- Work task
Below are entries with pictures in them. Output exactly the lines starting at the line with "Madrid street market, known" and ending at the line with "Headshot of a", both included, but not the pictures.

- Provided records
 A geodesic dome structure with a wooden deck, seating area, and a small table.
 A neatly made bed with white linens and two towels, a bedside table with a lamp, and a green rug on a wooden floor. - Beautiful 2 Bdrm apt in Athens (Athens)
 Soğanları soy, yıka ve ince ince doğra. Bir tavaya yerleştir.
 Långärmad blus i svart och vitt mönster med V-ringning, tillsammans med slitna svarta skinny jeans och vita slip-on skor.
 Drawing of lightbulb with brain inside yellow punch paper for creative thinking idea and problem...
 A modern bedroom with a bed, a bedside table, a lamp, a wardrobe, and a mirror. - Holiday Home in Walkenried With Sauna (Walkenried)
* * *
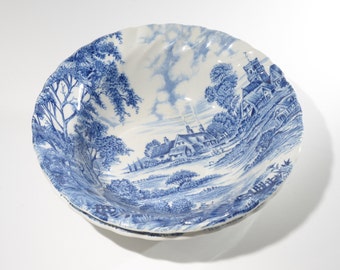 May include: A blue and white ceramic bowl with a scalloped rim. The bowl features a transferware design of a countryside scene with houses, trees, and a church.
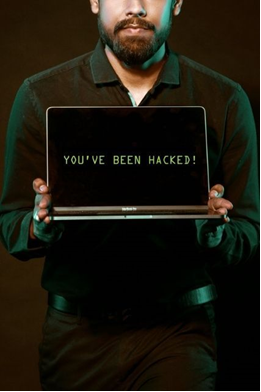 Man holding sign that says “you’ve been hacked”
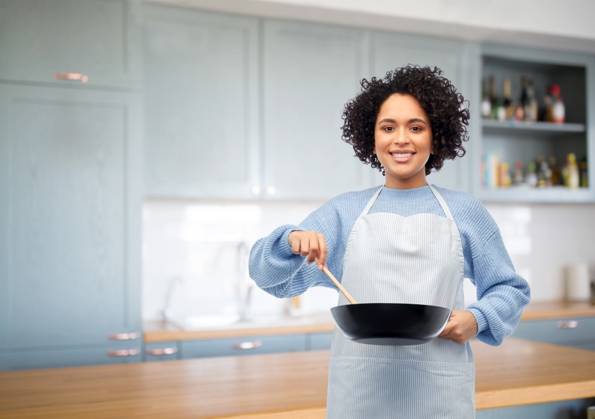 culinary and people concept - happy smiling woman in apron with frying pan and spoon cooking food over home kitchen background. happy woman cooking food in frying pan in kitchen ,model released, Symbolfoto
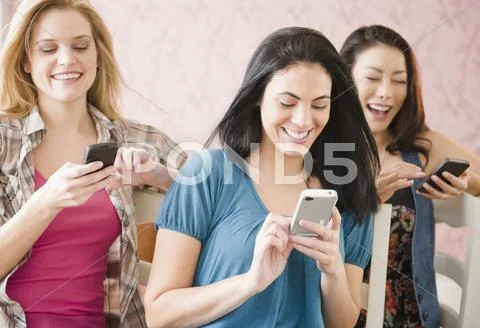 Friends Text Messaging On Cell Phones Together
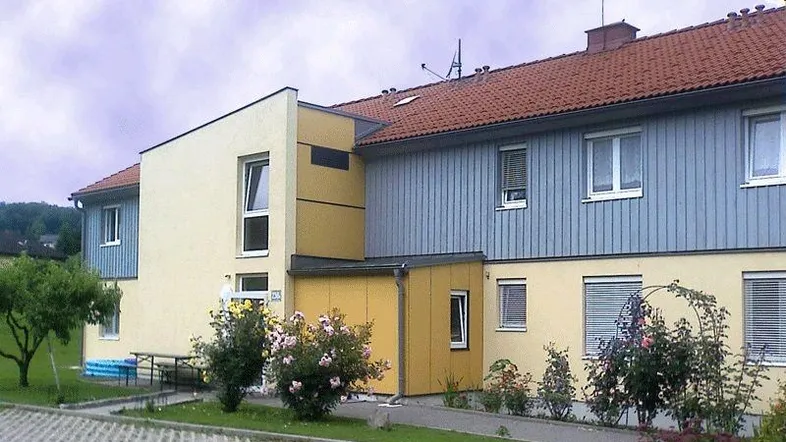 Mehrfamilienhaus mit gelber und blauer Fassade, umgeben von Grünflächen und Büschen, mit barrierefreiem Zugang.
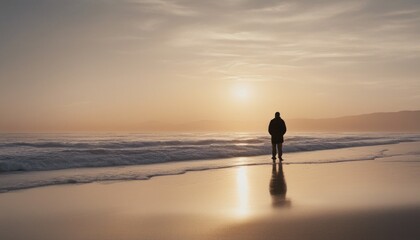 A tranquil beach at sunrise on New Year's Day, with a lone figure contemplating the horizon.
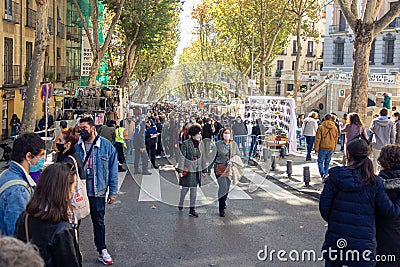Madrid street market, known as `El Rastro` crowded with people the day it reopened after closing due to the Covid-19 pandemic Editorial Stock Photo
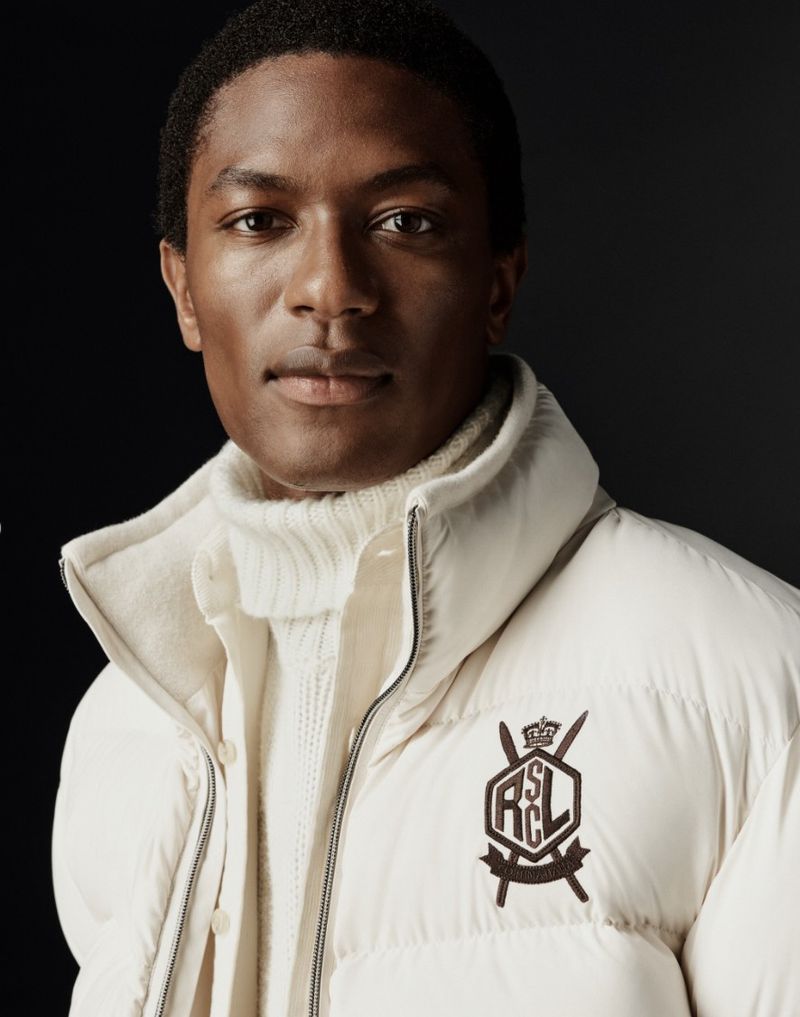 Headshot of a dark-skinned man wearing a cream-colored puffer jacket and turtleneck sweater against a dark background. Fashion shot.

- Output of the exercise
Madrid street market, known as `El Rastro` crowded with people the day it reopened after closing due to the Covid-19 pandemic Editorial Stock Photo
 Headshot of a dark-skinned man wearing a cream-colored puffer jacket and turtleneck sweater against a dark background. Fashion shot.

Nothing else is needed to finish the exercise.